There are always rules, of course – rules about how to do things and rules within rules and rules about making rules. A common and important question is “Who enforces the rules?” But another question, not common but also valid – for different reasons – is “Who enfarces the rules?”

You don’t know this word enfarce? Of course you don’t; don’t pretend you do – no one uses it anymore. Until now, that is, because I, with my remarkable lexical activation power, say they shall. 

You can make a guess about what enfarce means. You’ll probably be wrong, but make a guess anyway.

Did you guess that it means ‘make a farce [out of them]’? As in take the piss, make a mockery, do the reductio ad absurdum? Good guess! It’s wrong, but it’s a good guess, because you’d think, wouldn’t you? But no, this farce is the same farce that is the source of the farce that means ‘a ludicrous piece of theatre’, and it happens that farces are called farces because they, too, were at first enfarced.

If you know French, you may be guessing where this is going. French for ‘stuffed’ (as in stuffed turkey) is farci, from the verb farcir, and the related noun for ‘stuffing’ is farce. It all comes from Latin farcio ‘I stuff’. The theatre pieces called farces got the name, as far as we know, because they were originally comic interludes, stuffed into performances of greater import (have you ever been to a Cirque du Soleil performance? think of their clowns).

So enfarcement is stuffing something in – into a turkey or a sausage, or less literally into whatever else (as when, for instance, a novelist enfarces an ideological monologue into a story). And when we talk about enfarcing rules, we can mean either of two things: (1) stuffing a rule in where it doesn’t really belong; (2) padding rules with extraneous material. Both of these things are quite common with rules. 

For (1), anyone who deals with legislation and contracts knows that extraneous details get attached as a way of accomplishing extra things with less effort. (I’m put in mind of how, when we made the offer on the place we now live in, I added a request that the microwave oven be included, because even though they’re inexpensive, I knew we might never get around to getting one otherwise.)

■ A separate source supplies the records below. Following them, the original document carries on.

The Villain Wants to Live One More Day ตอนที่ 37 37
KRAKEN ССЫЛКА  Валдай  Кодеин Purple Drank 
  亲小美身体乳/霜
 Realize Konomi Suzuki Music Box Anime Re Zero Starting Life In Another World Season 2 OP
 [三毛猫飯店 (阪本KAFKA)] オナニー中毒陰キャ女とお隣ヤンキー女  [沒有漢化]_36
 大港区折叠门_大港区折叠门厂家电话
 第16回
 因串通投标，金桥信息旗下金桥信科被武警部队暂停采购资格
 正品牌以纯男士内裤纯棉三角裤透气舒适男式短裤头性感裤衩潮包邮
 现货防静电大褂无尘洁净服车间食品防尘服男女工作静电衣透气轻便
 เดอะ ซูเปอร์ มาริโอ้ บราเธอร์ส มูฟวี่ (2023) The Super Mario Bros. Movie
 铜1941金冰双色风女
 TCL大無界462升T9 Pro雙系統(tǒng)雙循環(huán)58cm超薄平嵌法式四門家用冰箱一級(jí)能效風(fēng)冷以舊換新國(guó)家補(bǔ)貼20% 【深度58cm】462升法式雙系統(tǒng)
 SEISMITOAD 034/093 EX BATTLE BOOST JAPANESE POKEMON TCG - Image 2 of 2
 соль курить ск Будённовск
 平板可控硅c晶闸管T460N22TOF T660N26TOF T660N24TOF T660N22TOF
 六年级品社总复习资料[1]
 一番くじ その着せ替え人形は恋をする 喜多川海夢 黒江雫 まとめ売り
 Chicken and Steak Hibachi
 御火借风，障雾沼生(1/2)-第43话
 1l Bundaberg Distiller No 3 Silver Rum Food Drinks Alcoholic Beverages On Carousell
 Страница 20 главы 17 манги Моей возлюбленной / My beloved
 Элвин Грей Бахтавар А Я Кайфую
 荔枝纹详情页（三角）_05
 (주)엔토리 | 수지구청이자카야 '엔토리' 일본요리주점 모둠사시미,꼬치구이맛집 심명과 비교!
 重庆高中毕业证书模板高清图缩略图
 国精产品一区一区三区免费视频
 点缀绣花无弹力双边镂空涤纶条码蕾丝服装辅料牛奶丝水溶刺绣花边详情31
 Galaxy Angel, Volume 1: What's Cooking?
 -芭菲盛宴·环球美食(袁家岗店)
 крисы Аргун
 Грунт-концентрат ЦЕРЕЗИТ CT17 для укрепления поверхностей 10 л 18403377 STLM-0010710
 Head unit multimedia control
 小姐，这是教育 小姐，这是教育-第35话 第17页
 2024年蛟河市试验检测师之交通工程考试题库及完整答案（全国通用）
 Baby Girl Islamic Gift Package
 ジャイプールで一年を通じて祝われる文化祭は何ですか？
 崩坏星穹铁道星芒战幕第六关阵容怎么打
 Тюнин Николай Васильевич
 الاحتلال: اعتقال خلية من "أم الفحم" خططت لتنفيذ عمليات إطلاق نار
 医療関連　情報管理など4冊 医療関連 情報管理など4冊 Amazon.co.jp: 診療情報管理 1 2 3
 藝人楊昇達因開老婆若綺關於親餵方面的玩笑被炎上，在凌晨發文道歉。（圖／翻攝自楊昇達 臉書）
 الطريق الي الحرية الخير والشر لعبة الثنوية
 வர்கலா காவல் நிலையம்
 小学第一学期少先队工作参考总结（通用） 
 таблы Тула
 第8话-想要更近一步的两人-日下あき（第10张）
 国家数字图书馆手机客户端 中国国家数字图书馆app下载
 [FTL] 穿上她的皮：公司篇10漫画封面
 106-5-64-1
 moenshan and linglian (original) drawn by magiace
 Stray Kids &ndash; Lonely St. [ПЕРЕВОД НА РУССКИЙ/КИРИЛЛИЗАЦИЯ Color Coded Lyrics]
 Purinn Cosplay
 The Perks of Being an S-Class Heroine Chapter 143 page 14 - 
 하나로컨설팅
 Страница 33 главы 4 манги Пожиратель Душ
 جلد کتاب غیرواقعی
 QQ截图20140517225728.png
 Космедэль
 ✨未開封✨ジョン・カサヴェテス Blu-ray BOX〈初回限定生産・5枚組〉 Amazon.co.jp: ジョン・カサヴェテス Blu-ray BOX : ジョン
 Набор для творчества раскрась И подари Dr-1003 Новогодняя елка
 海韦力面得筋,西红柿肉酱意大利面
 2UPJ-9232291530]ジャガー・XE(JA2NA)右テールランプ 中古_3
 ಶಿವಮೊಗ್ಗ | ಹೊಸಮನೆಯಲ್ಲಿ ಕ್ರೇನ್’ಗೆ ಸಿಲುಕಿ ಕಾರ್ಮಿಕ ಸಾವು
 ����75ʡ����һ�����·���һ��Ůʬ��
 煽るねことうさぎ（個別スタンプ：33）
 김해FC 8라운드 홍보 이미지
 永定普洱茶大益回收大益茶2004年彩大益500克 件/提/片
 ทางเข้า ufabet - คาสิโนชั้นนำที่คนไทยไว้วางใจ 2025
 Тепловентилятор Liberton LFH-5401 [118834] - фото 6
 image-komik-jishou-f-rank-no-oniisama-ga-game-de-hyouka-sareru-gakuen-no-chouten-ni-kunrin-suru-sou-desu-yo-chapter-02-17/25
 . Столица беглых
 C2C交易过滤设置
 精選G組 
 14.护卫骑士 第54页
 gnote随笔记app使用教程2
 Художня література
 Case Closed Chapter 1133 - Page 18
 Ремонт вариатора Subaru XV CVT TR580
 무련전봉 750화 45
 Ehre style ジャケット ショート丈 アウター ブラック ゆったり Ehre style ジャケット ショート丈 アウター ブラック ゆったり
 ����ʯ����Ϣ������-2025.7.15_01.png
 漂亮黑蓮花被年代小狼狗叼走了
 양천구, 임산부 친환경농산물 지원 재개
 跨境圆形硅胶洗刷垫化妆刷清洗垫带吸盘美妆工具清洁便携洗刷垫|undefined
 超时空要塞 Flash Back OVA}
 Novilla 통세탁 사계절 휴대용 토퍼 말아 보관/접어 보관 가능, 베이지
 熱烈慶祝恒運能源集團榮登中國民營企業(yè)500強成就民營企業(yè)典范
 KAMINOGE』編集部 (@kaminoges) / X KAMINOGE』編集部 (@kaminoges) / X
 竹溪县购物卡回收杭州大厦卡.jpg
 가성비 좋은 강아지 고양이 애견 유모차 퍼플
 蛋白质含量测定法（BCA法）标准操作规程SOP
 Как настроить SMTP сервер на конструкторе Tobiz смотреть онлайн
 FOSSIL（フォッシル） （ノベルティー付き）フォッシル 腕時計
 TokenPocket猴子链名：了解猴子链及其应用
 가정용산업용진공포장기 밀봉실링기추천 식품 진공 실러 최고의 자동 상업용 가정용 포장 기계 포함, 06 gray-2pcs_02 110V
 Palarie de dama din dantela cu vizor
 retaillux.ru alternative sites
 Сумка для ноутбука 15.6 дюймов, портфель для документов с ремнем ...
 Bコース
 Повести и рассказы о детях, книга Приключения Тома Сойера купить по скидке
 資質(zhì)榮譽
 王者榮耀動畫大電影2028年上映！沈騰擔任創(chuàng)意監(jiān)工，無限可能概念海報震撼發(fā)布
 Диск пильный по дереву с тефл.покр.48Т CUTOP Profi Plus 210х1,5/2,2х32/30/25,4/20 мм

For (2), the typical jargon of rules lends itself to padded phrasing such as “The act of walking upon the lawns of these premises is expressly prohibited” where “Don’t walk on this lawn” would suffice. But also, often enough, sets of rules that could be simple and straightforward gain extra rules; for example, an office dress code that starts out as a single sentence prescribing “businesslike attire” gradually, in response to specific complaints, gains provisions specifying that bare knees are not to be visible; that no part of any toe is to be visible; that non-religious and non-medically-necessary headwear is not to be worn within the office space, excepting plain hair bands and barrettes; that bare elbows are not to be visible; that no sleeve shall have a hole in it other than the standard holes at top and bottom to allow the arm to pass through it eventuating in the hand; and so forth. 

All rules need to be enforced, of course, or they’re not really rules, and you need to know whose job it is to enforce them. Rules do not, on the other hand, need to be enfarced. But they will be. And when they are, it’s worth knowing who’s doing it.